The federal government seems to believe that poker is a form of gambling and there needs to be restrictions put on it. They treat the game as if it is a vice that people can’t control and so they need to be supervised like kids by their parents. But every person who’s played poker for any significant amount of time knows that poker involves a great deal of skill and that people can come out on top in the long run if they have enough skill.
In fact, there are plenty of people out there who are taking these thoughts to the next level and preparing for poker as if it is a career. Just recently I saw where a West Virginia community college was offering a course on poker and they had 70 people graduate from it this year. Poker in college? It’s something that I never thought I would see.
However, there are also those who are choosing the game of poker over college entirely. Some of these college eligible players are starting with the game directly and not even choosing to enroll while others are taking college classes before they eventually decide that their futures would better be served in the game of poker.
This route has worked for many players in the past including pros like Erick Lindgren and Annie Duke who cut out on their college curriculum on hold in order to go for the green in the game of poker.

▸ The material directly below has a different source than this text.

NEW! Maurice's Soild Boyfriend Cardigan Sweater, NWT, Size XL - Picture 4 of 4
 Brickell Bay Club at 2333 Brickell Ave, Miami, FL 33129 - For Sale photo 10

In the case o Kathy Liebert, she quit her stock market analysis job at the prestigious Dun & Bradstreet company in New York City to move out West where she found poker much more enjoyable.
But in the case of the average player, it’s tough to say whether it is a good decision to skip out on an education to fall back on if poker doesn’t work out. Unfortunately, I don’t have any statistics to say whether or not it pans out in the end on the average but I’ll definitely be looking for studies on this in the future.